WHAT TO DO:
Retype the entries below exactly, and keep every picture out of your version.

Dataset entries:
--*--
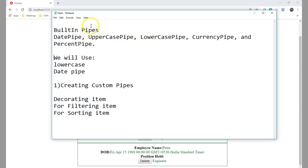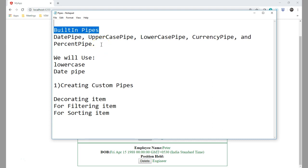Welcome. Today we are going to see about pipes in Angular. What are pipes? The pipe is for changing the value which is shown to the user — only at the template level. We want to change the data but we don't want to change it in the Angular model or send it to the backend. It is only for the user. In that case we go for pipes.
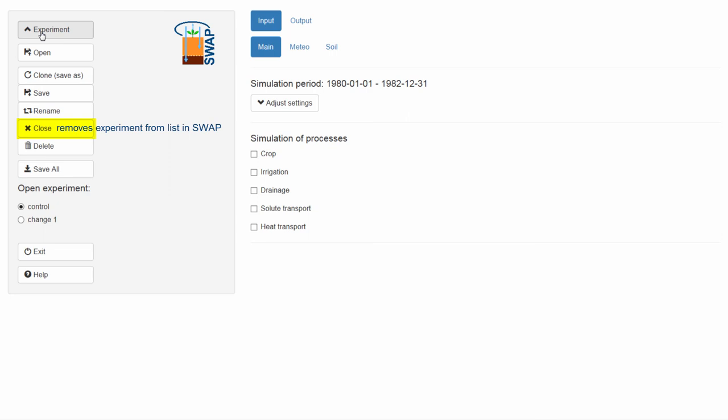Please do not confuse the button Close with the button Delete, which removes the entire experiment from your computer. This button only works for your own experiments. The default experiments within the program luckily cannot be removed from the graphical interface.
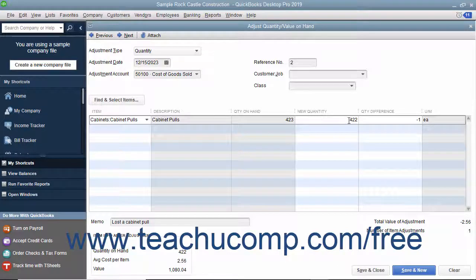If entering a Total Value adjustment, enter the new Total Value into the New Value column. After adjusting the inventory, click the Save and Close button to finish.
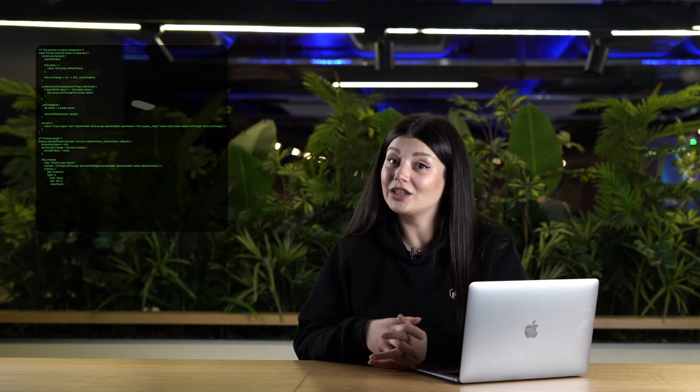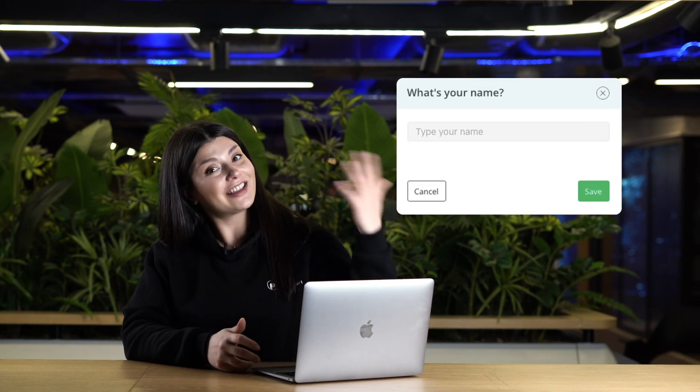To create a prompt pop-up with React that asks a visitor's name, you can use a code that looks like this. This code will give you a pop-up that looks like this.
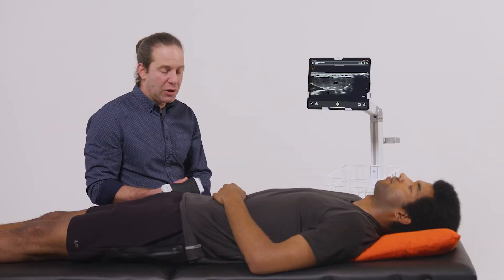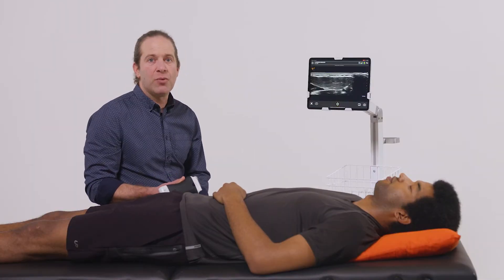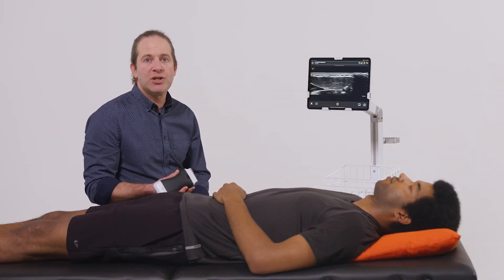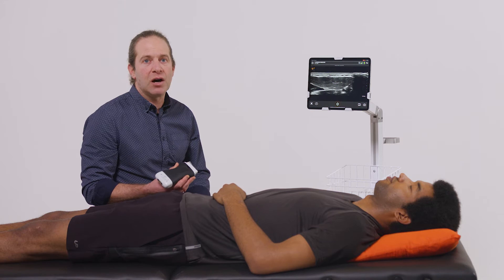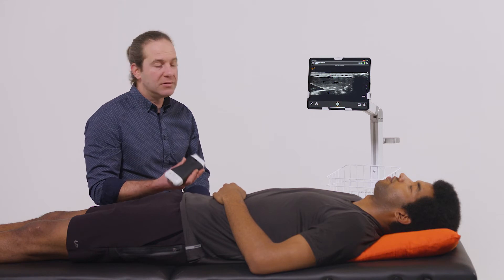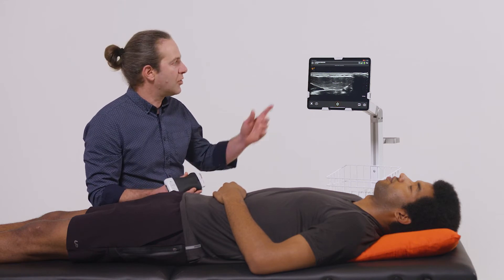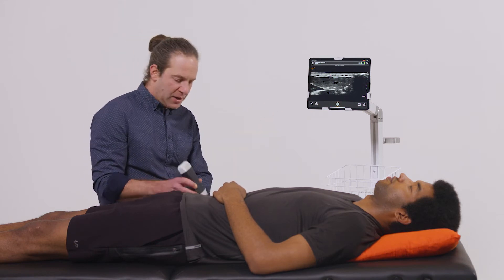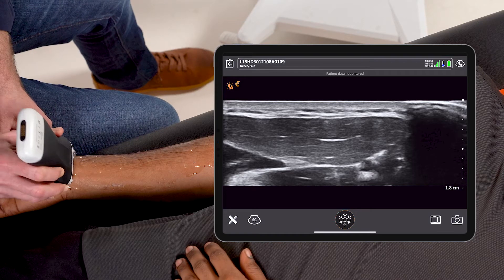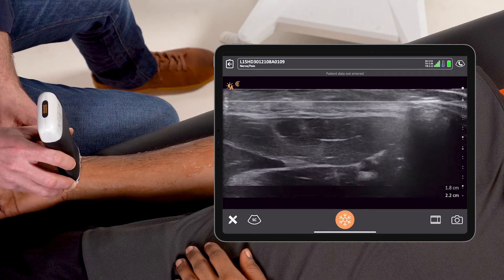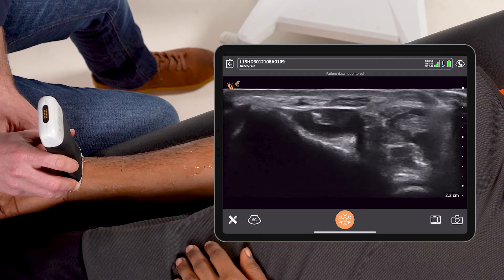In this example I'll show how to find the radial nerve in preparation for a radial nerve block. I'm using a linear scanner on the nerve setting and I'll place the transducer in the transverse orientation here.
--*--
YOUR RESPONSE:
Welcome. Today we are going to see about pipes in Angular. What are pipes? The pipe is for changing the value which is shown to the user — only at the template level. We want to change the data but we don't want to change it in the Angular model or send it to the backend. It is only for the user. In that case we go for pipes.
Please do not confuse the button Close with the button Delete, which removes the entire experiment from your computer. This button only works for your own experiments. The default experiments within the program luckily cannot be removed from the graphical interface.
If entering a Total Value adjustment, enter the new Total Value into the New Value column. After adjusting the inventory, click the Save and Close button to finish.
To create a prompt pop-up with React that asks a visitor's name, you can use a code that looks like this. This code will give you a pop-up that looks like this.
In this example I'll show how to find the radial nerve in preparation for a radial nerve block. I'm using a linear scanner on the nerve setting and I'll place the transducer in the transverse orientation here.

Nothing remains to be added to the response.